FDA approves Merz’s Xeomin for sialorrhea

The US Food and Drug Administration (FDA) has approved Merz North America’s supplemental biologics license application for Xeomin (incobotulinumtoxinA) for the treatment of chronic sialorrhea, otherwise known as excessive drooling.

By Allie Nawrat

The US Food and Drug Administration (FDA) has approved Merz North America’s supplemental biologics license application for Xeomin (incobotulinumtoxinA) for the treatment of chronic sialorrhea, otherwise known as excessive drooling.

This makes Xeomin the first and only neurotoxin to be approved in the US for this indication.
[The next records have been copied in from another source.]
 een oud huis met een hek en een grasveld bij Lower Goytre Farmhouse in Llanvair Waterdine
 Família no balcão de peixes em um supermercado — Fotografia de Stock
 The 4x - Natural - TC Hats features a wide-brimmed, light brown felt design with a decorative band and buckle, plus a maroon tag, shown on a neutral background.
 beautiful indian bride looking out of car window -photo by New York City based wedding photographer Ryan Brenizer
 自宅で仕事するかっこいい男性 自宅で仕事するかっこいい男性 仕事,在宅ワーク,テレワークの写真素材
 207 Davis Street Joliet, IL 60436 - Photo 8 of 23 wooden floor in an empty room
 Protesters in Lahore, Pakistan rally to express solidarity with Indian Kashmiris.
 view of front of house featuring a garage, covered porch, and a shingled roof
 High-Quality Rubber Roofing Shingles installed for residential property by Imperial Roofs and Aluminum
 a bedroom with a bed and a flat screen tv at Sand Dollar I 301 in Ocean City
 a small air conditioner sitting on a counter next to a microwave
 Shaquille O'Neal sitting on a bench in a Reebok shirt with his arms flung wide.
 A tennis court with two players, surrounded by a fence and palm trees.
The FDA also granted the drug’s application a priority review designation, which is reserved for drugs that could potentially provide significant improvements in the safety and effectiveness of treatment, diagnosis or the prevention of serious conditions.

This decision was based on a Phase III, randomised, double-blind, placebo-controlled, multicentre 184 patient trial, 36 of which took the placebo, 74 took incobotulinumtoxinA 75 and 74 took incobotulinumtoxinA 100.

The trial achieved both of its co-primary endpoints; a statistically significant improvement was observed in the change in unstimulated salivary flow rate and global impression change scale at week four compared with the placebo. There was a similar frequency of adverse events for the placebo and treatment groups with no new or unexpected incidents reported.

Merz North America vice-president and US head of neurosciences Kevin O’Brien said: “Until now, there has not been an FDA-approved treatment for this debilitating condition. This approval represents a significant milestone in addressing the unmet needs for more than 600,000 adults who suffer from chronic sialorrhea, and underscores our commitment to improving the lives of those living with movement disorders.”

Sialorrhea is a common symptom of neurological disorders, such as Parkinson’s disease, amyotrophic lateral sclerosis and cerebral palsy. It can occur from difficulty in retaining saliva within the mouth, problems with swallowing or with controlling facial muscles.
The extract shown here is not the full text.